#### PROVIDED DATA
----

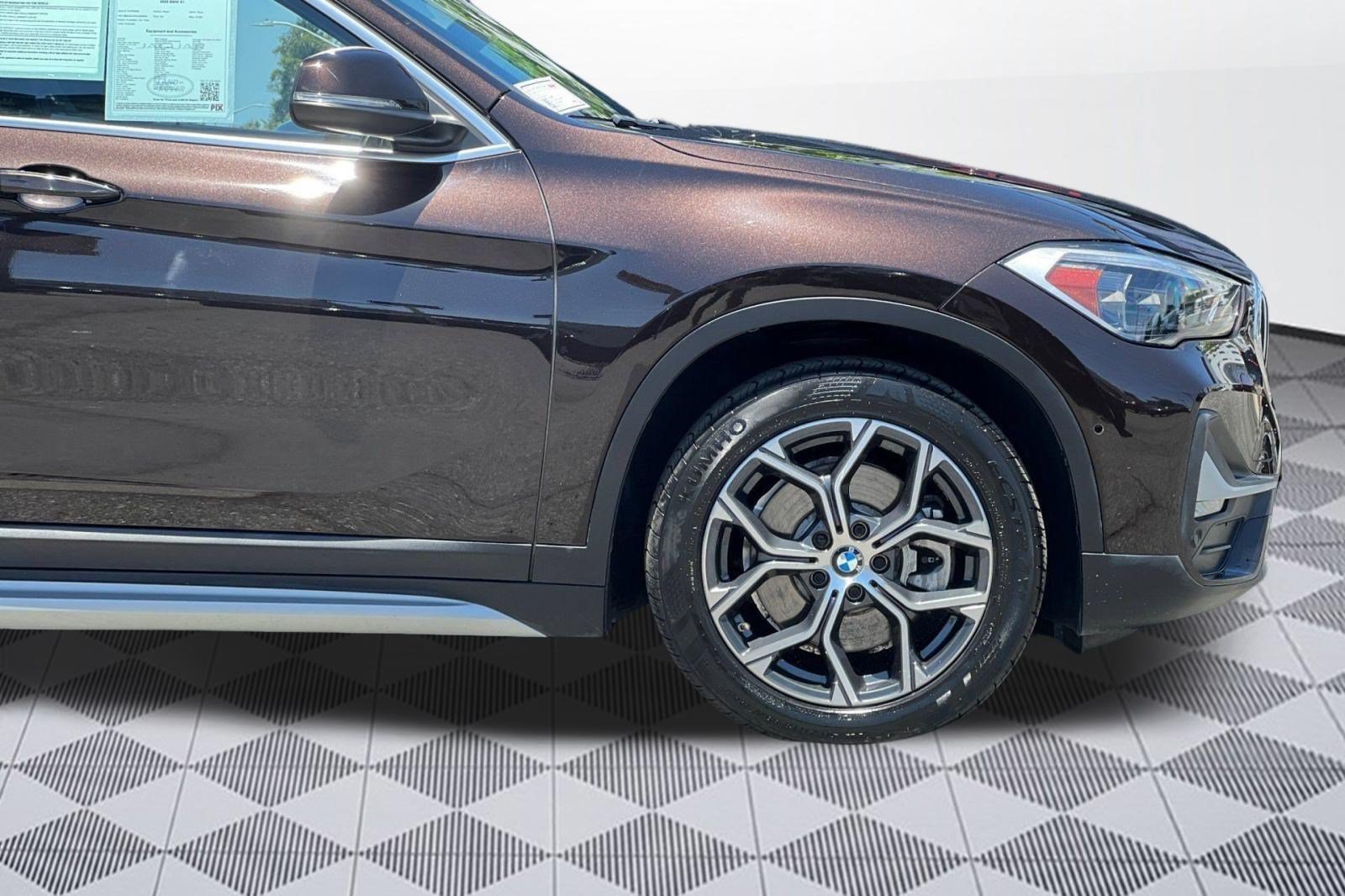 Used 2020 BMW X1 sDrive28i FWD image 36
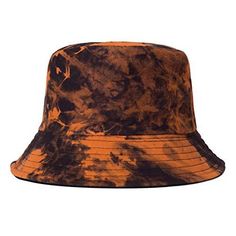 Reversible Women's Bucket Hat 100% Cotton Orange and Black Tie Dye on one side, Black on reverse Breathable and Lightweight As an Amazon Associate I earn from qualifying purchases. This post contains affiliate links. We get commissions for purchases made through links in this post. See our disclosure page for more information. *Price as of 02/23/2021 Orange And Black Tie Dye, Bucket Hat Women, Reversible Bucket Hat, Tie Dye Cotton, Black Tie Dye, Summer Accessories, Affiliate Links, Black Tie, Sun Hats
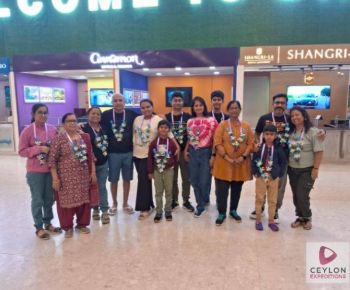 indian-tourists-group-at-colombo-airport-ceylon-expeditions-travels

----

#### ABOUT THIS TASK
Leave the pictures out and return the rest of the listing exactly.

#### EXPECTED OUTPUT
 Used 2020 BMW X1 sDrive28i FWD image 36
 Reversible Women's Bucket Hat 100% Cotton Orange and Black Tie Dye on one side, Black on reverse Breathable and Lightweight As an Amazon Associate I earn from qualifying purchases. This post contains affiliate links. We get commissions for purchases made through links in this post. See our disclosure page for more information. *Price as of 02/23/2021 Orange And Black Tie Dye, Bucket Hat Women, Reversible Bucket Hat, Tie Dye Cotton, Black Tie Dye, Summer Accessories, Affiliate Links, Black Tie, Sun Hats
 indian-tourists-group-at-colombo-airport-ceylon-expeditions-travels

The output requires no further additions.